Fundraising activities in the UK have undergone a period of professionalisation in recent years, with many now led by experts employed for their knowledge of the more developed "institutional advancement" departments of North American universities.
According to the survey, which was carried out by the Ross Group of Development Directors and the Council for Advancement and Support of Education (Case) in Europe, there are now more than 700 fundraising staff across the 144 institutions polled.
However, it also found that, of the 6.2 million alumni these institutions are in touch with, just over 108,000, or fewer than one in 50, donated money.
This was a slightly smaller proportion of donors than in the preceding year, although the figures are marginal, and only ten institutions had over 4 per cent of alumni agreeing to donate.
One consequence is that the cost of fundraising activities as a proportion of income rose from 24 pence per pound to 26 pence, year on year.

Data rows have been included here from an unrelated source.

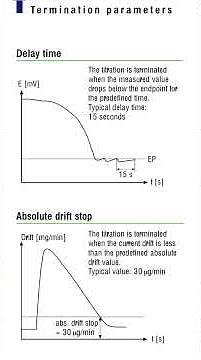 Basic Understanding Of Karl Fischer Titrator
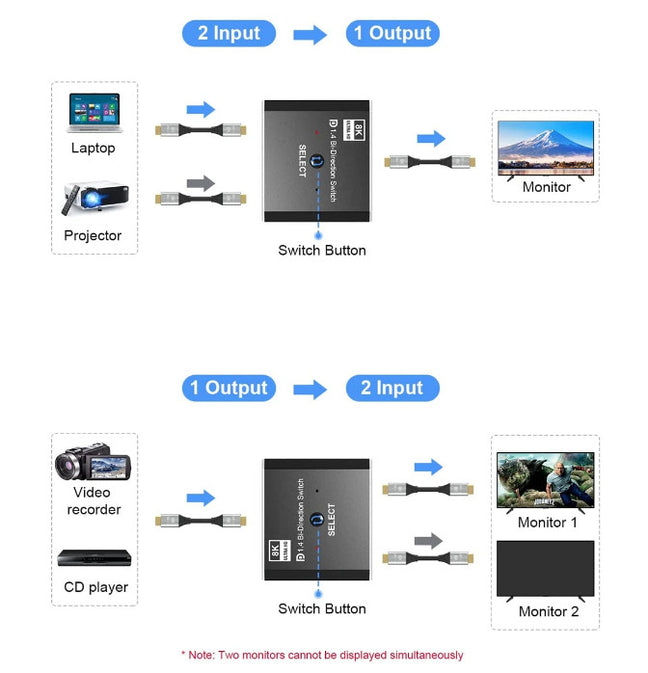 Displayport 1.4 Splitter Switcher 8K/60Hz DP Bi-Direction for Projector ...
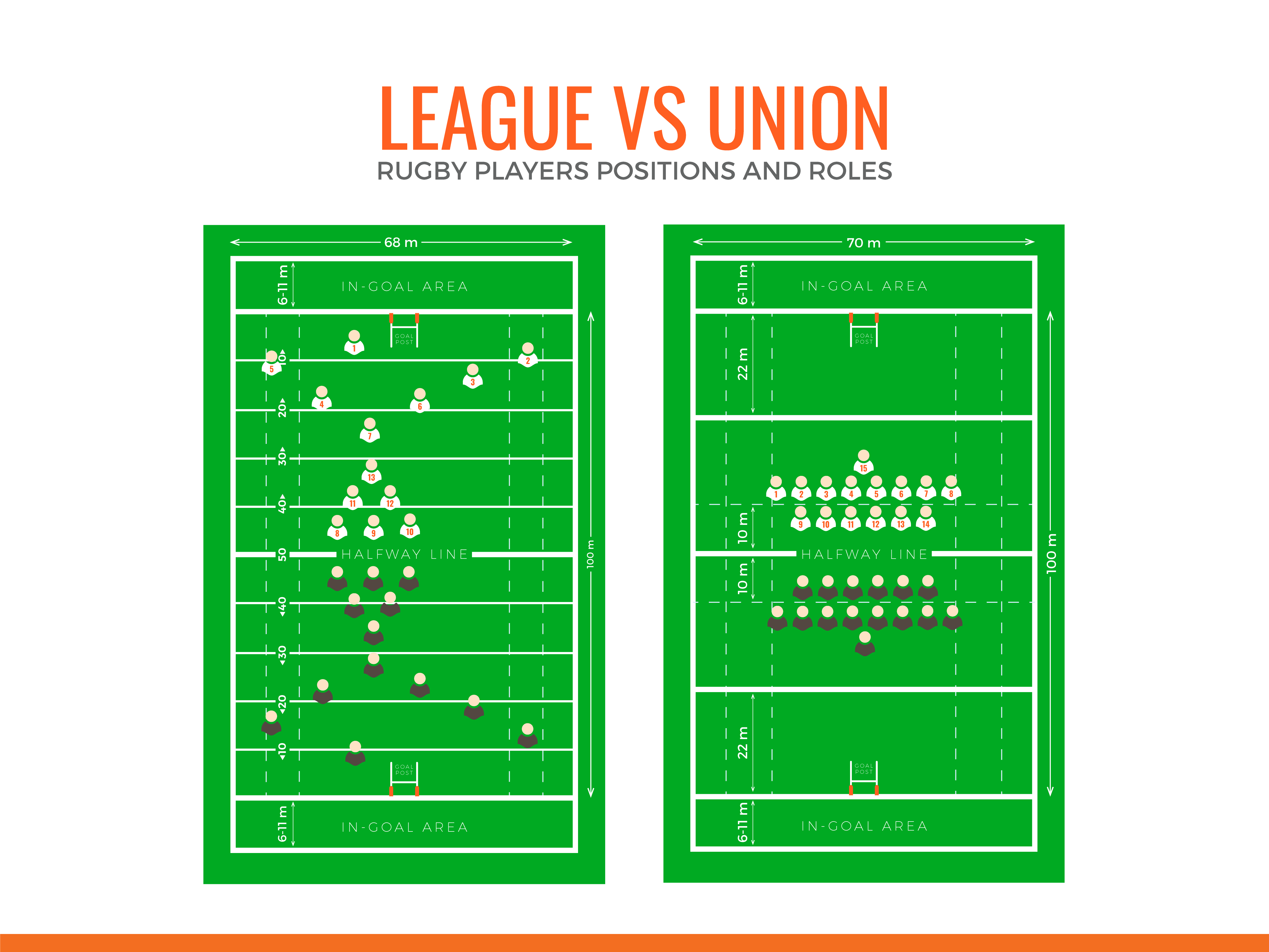 Rugby League vs Union key rules and gameplay differences explained simply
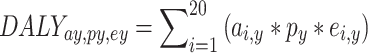 Inline graphic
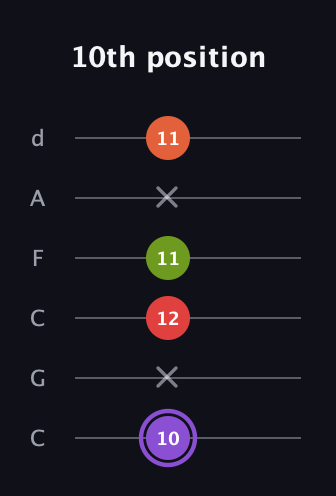 A♯ Diminished Added 9th guitar tab — 10th position (10 x 12 11 x 11) in Drop C Tuning (CGCFAD)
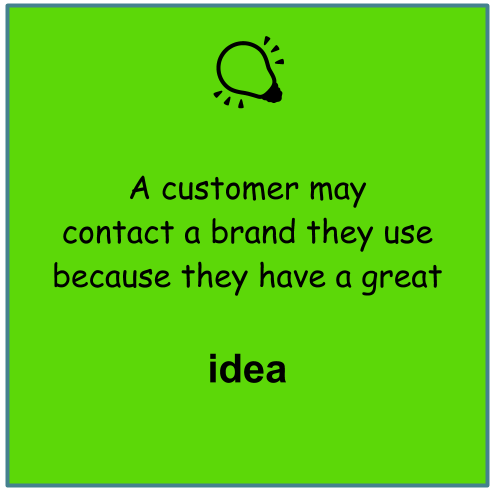 cv idea word graphic navedas idea word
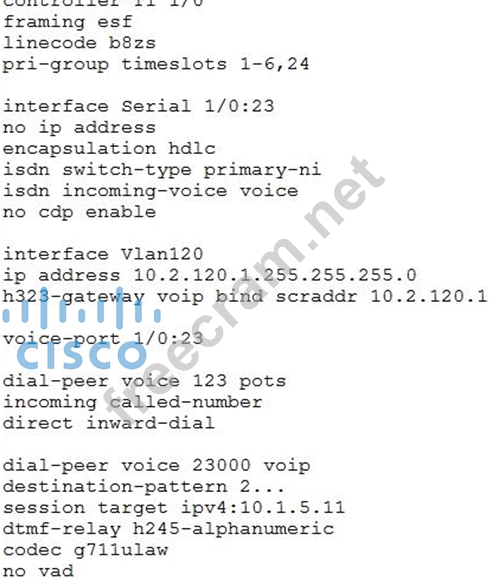300-220勉強資料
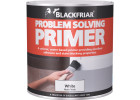 Problem Solving Primer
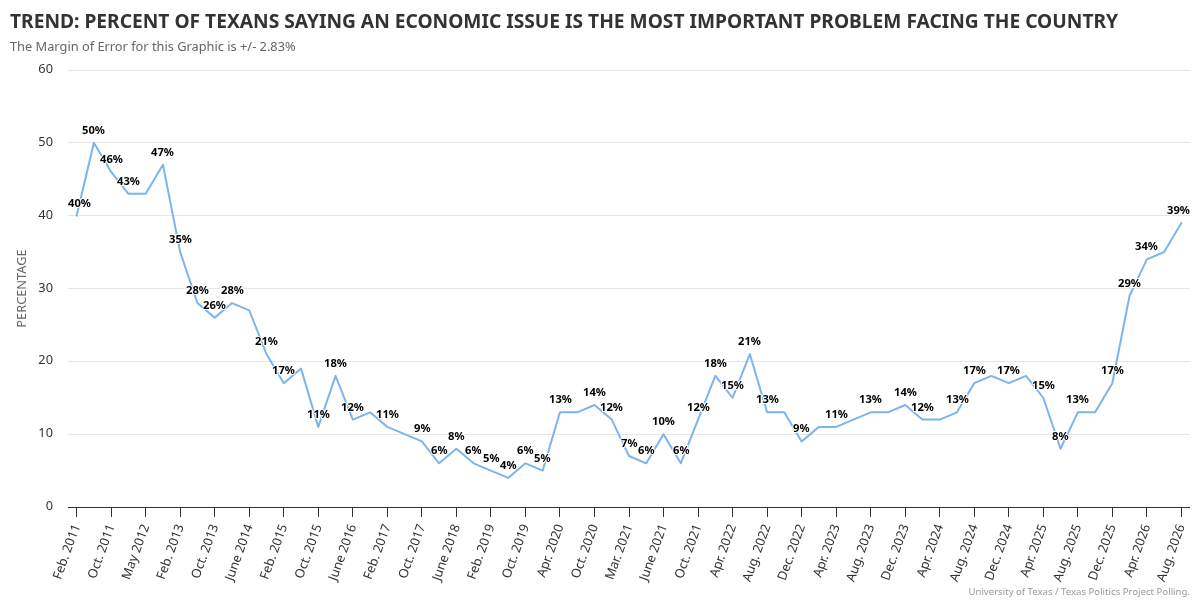 Trend: Percent of Texans Saying an Economic Issue is the Most Important Problem Facing the Country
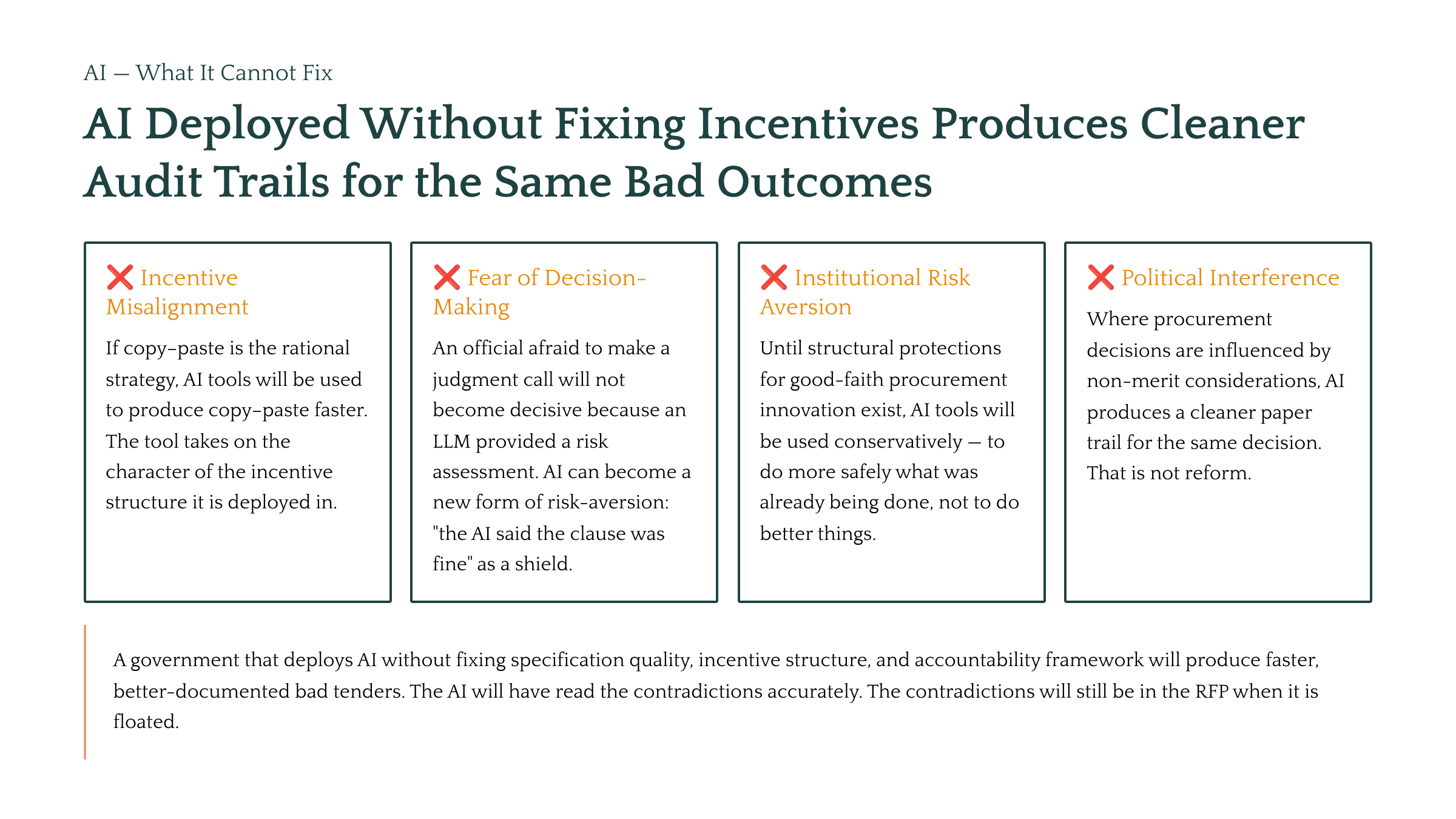 Procurement is Where Reform Goes to Die: The case for boring infrastructure — Slide 12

'PERSEVERE. FUNDRAISING IS ABOUT BUILDING FOR THE FUTURE'
Liesl Elder, director of development at the University of Edinburgh, explains the importance of fundraising even in a downturn.
"There are two camps with regard to how to respond to the economic downturn.
"Some folks feel that it is time to pull back, while others think that it's a great time to be out there because we're building for the future. I'm in the latter camp.
"At Edinburgh we're moving full steam ahead, and although our cash results are slightly down on last year, that was a record year, so actually we're delighted with where we are.
"Because philanthropy to universities is relatively young here, it's difficult to know what to expect.
"The thing to remember is that a lot of university development offices are just a couple of people, so it's true that fledgeling operations probably are more at risk.
"My advice is always to persevere. Fundraising is a long-term proposition - it is about building something for the future. Right now we're reaping the rewards of seeds that were sown three, five or ten years ago.
"If you pull back now, you will see the effects down the line. So the objective is to weather the storm, to be sensitive in talking to people, but to keep going, because there's definitely success to be had out there."